View Issue Details

IDProjectCategoryView StatusLast Update
00019731003.1(2024)/Issue8Shell and Utilitiespublic2026-06-06 14:42
Reporterstephane Assigned To 
PrioritynormalSeverityObjectionTypeClarification Requested
Status Interpretation RequiredResolutionAccepted As Marked 
NameStephane Chazelas
Organization
User Reference
Sectionawk utility
Page Number2610
Line Number85386-85394
Interp StatusPending
Final Accepted Textsee 0001973:0007438
Summary0001973: awk "numeric string " origins
DescriptionThe awk specification (https://pubs.opengroup.org/onlinepubs/9799919799.2024edition/utilities/awk.html#tag_20_06_13_02) has:

<<<
 A string value shall be considered a numeric string if it comes from one of the following:

     1. Field variables
     2. Input from the getline() function
     3. FILENAME
     4. ARGV array elements
     5. ENVIRON array elements
     6. Array elements created by the split() function
     7. A command line variable assignment
     8. Variable assignment from another numeric string variable
>>>

It can be interpreted as meaning that

awk 'BEGIN{$1 = "10"; print ($1 > 2)}'

should return 1 for instance. But no implementation that I know does so.
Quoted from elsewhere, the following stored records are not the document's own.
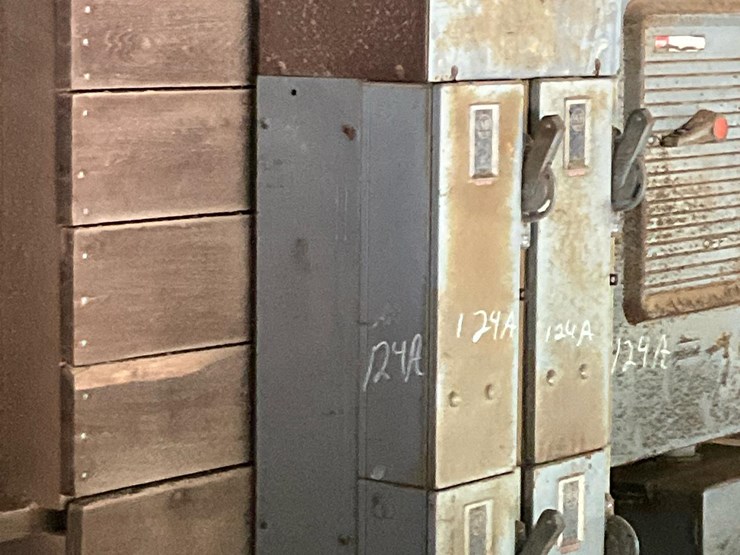 #124a-•-electrical-box-image-14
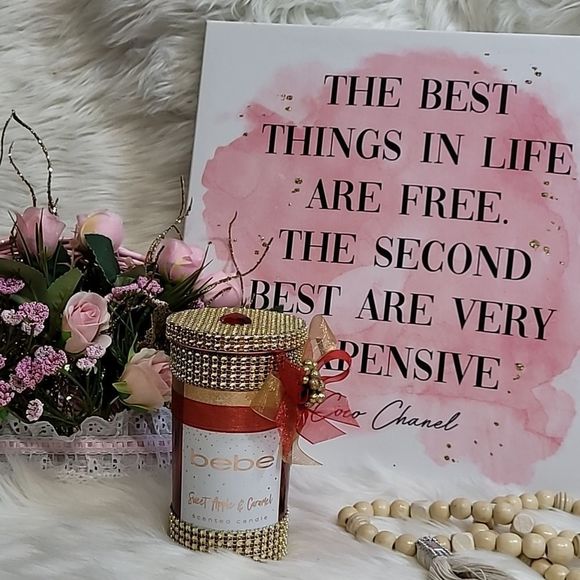 bebe Red Sweet Apple & Caramel Candle NWT - Picture 1 of 3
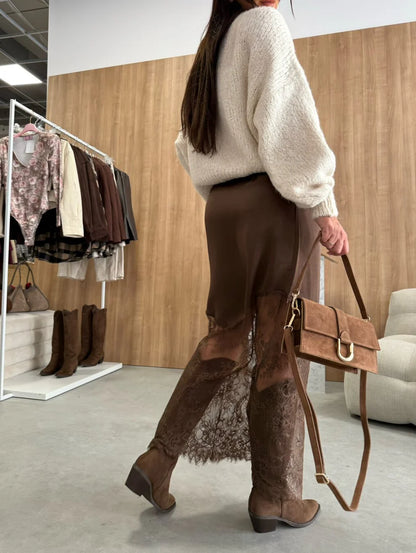 Lía -  Falda satinada con encaje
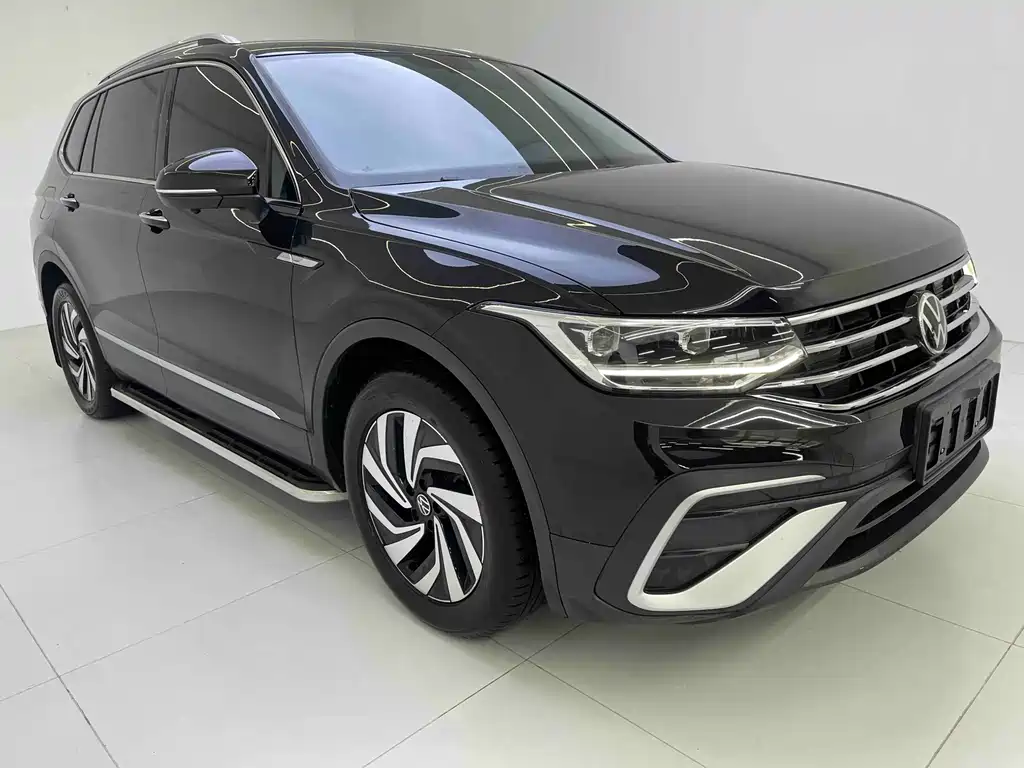 Volkswagen Tiguan L 2023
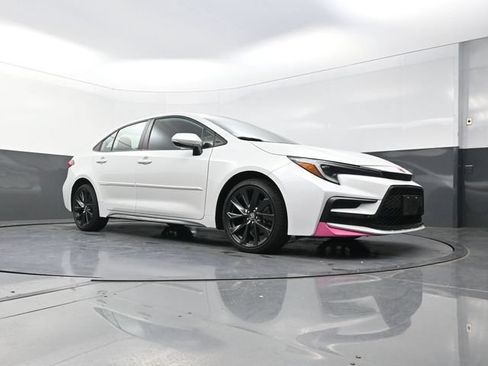 Used 2023 Toyota Corolla SE w/ SE Premium Package FWD image 20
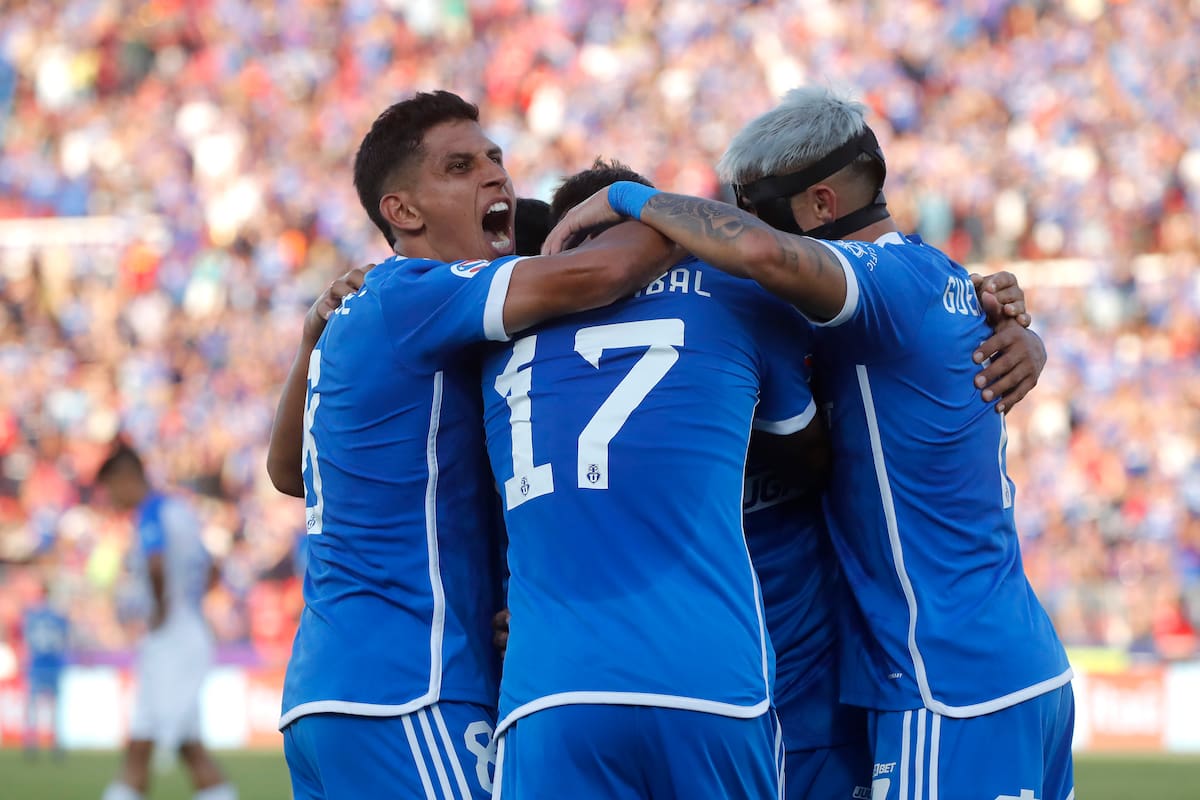 El jugador de Universidad de Chile Cristian Palacios anota en el Estadio Nacional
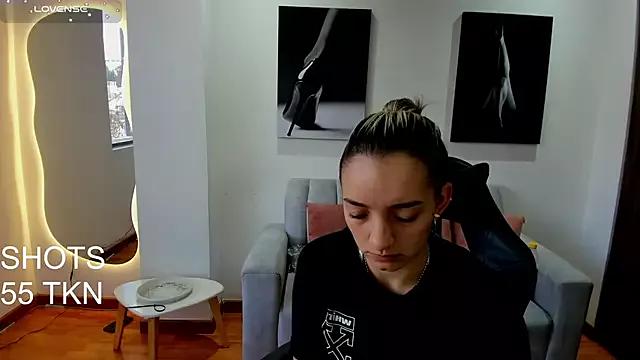 Teen sex cams free adult cams: check-out the satisfaction of conversing and c2c with our stunning models, who will teach you all about seduction and dreams with their smoking hot shapes.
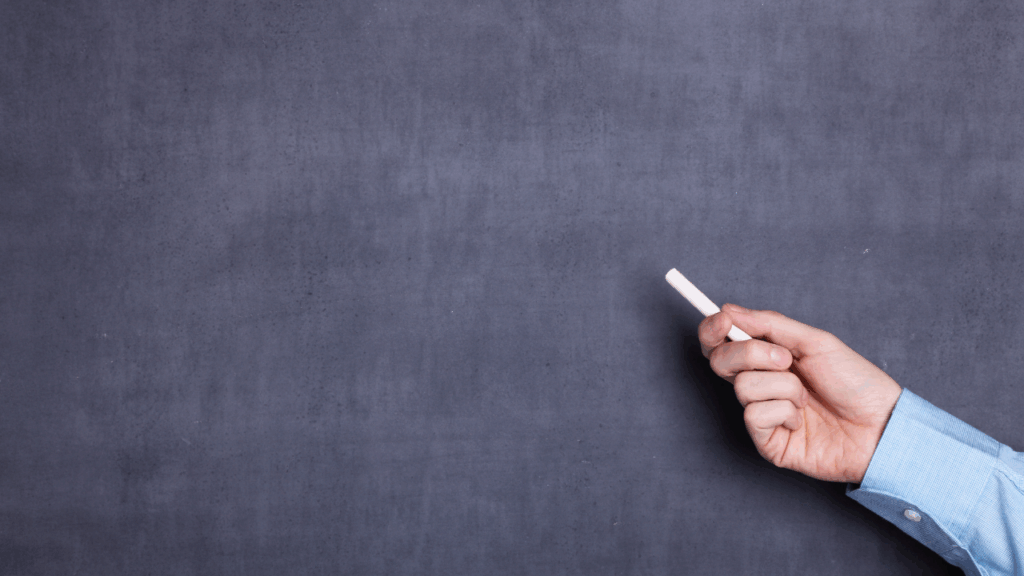 黒板とチョークを持つ手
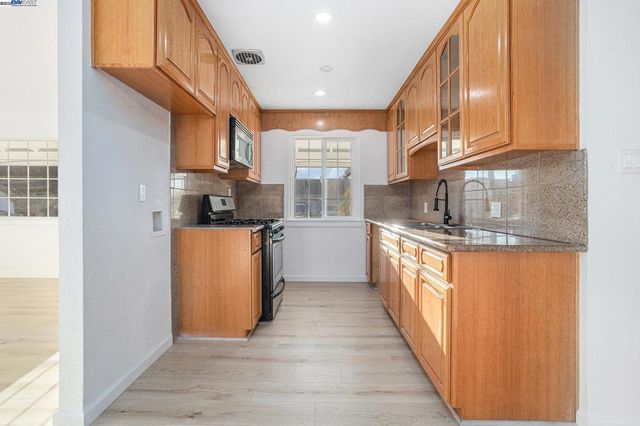 26772 Peterman Ave, Hayward, CA 94545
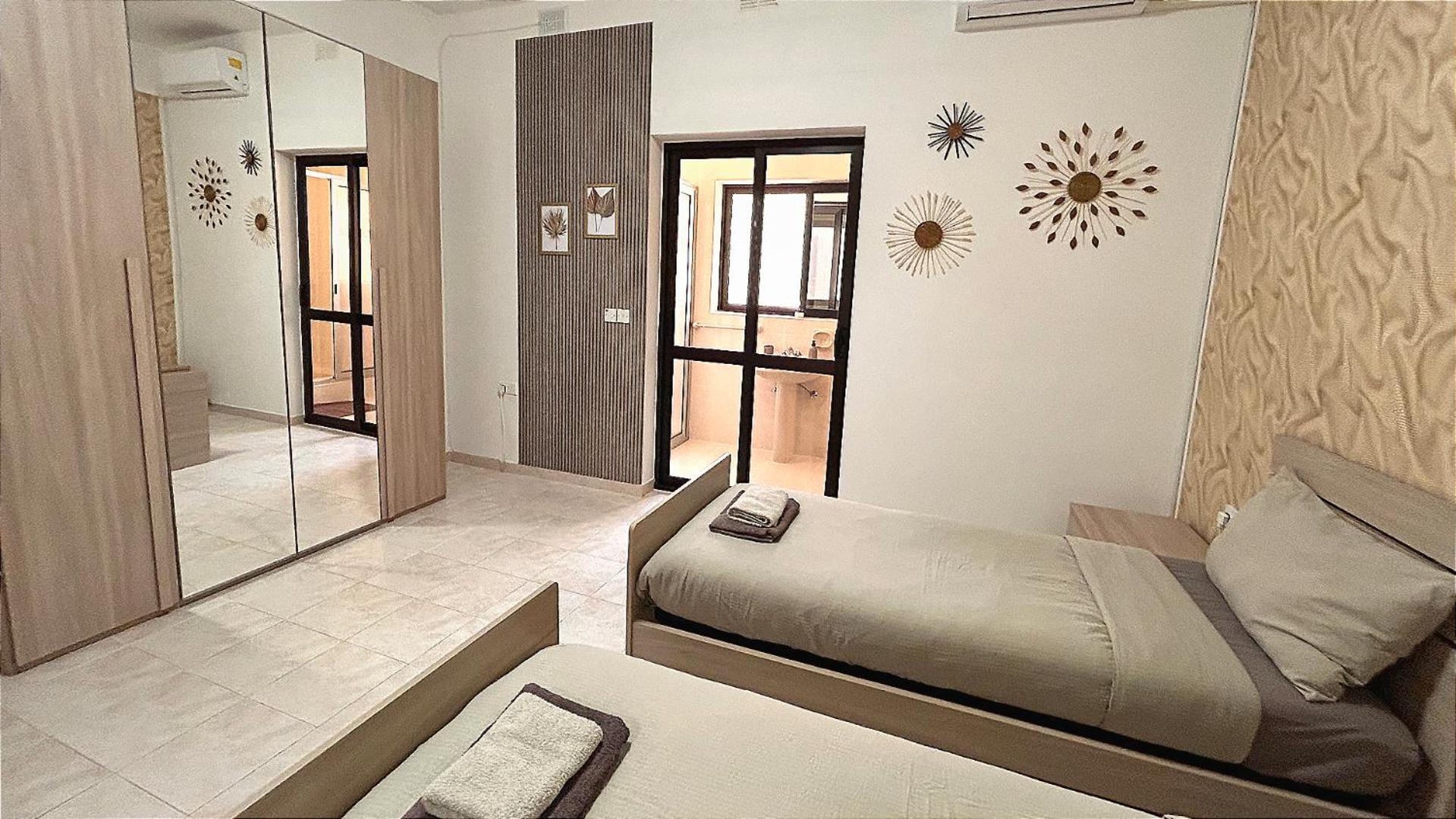 Arzella Apartments Xlendi Stylish Stay Near Beach Local Eats Ngoại thất bức ảnh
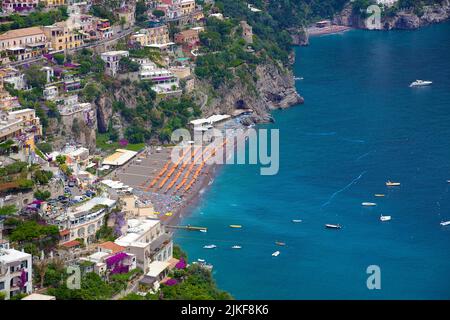 Typische Klippenhäuser und ein Strand in Positano, Amalfiküste, UNESCO-Weltkulturerbe, Kampanien, Italien, Mittelmeer, Europa Stockfoto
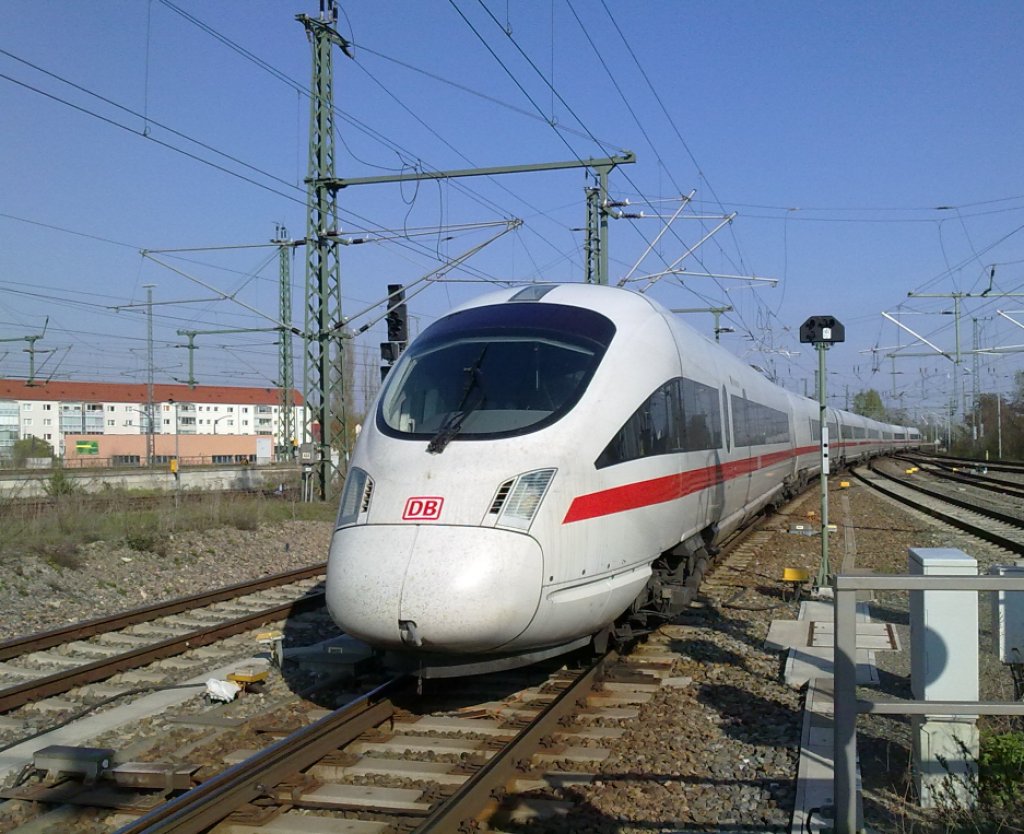 ICE bei der Ausfahrt aus dem Dresdner HBF in Richtung Dresden Reick zur Reinigung.
23.04.2010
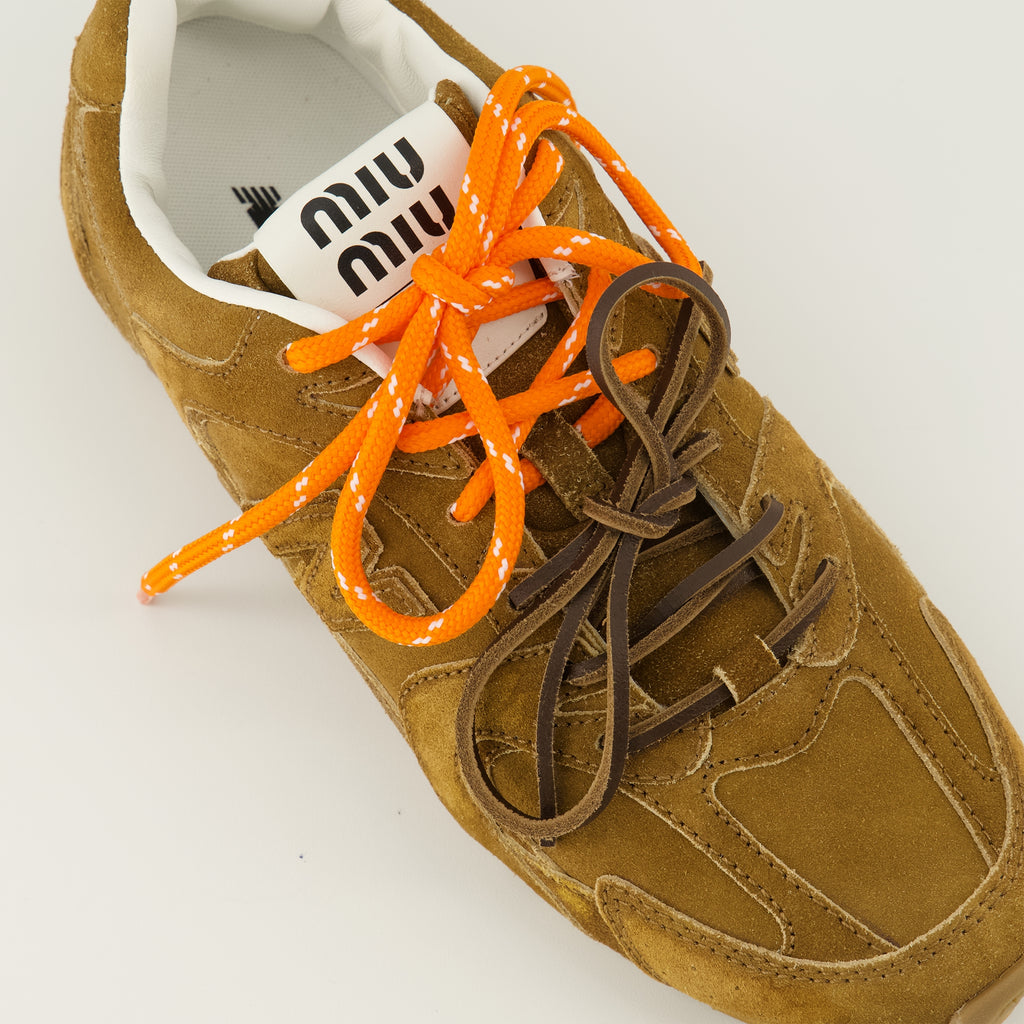 Image of the New Balance x MiuMiu 530 SL brown sneakers by Miu Miu for Women - Spring-Summer 2026 - Detailed top view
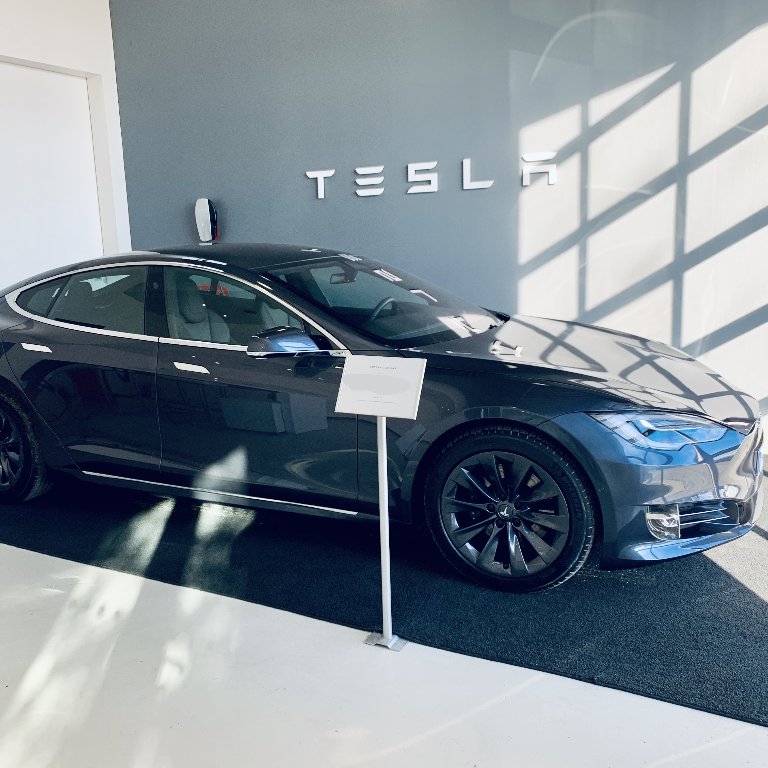 Taxi Bordeaux: Tesla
By assigning a string to $1, it loses that special property whereby when containing a string that looks like a number it shall be considered as a number.

Same applies for ARGV, FILENAME...

Typo in rationale section btw:

> also shall have the numeric value of the numeric string" was removed
>from several sections of the ISO POSIX-2:1993 standard because *is*
> specifies an unnecessary implementation detail

is -> it
Desired ActionMake it clear that it's

1. the values resulting from the splitting of $0 into $1, $2... (upon first dereferencing after reading a record (including via getline) or after assigning to $0) that are candidate for numeric strings, not the field variables per se, or change to "Field variables unless subsequently assigned a string value".
3. the current input file as initially assigned to FILENAME, or "FILENAME unless subsequently assigned a string value"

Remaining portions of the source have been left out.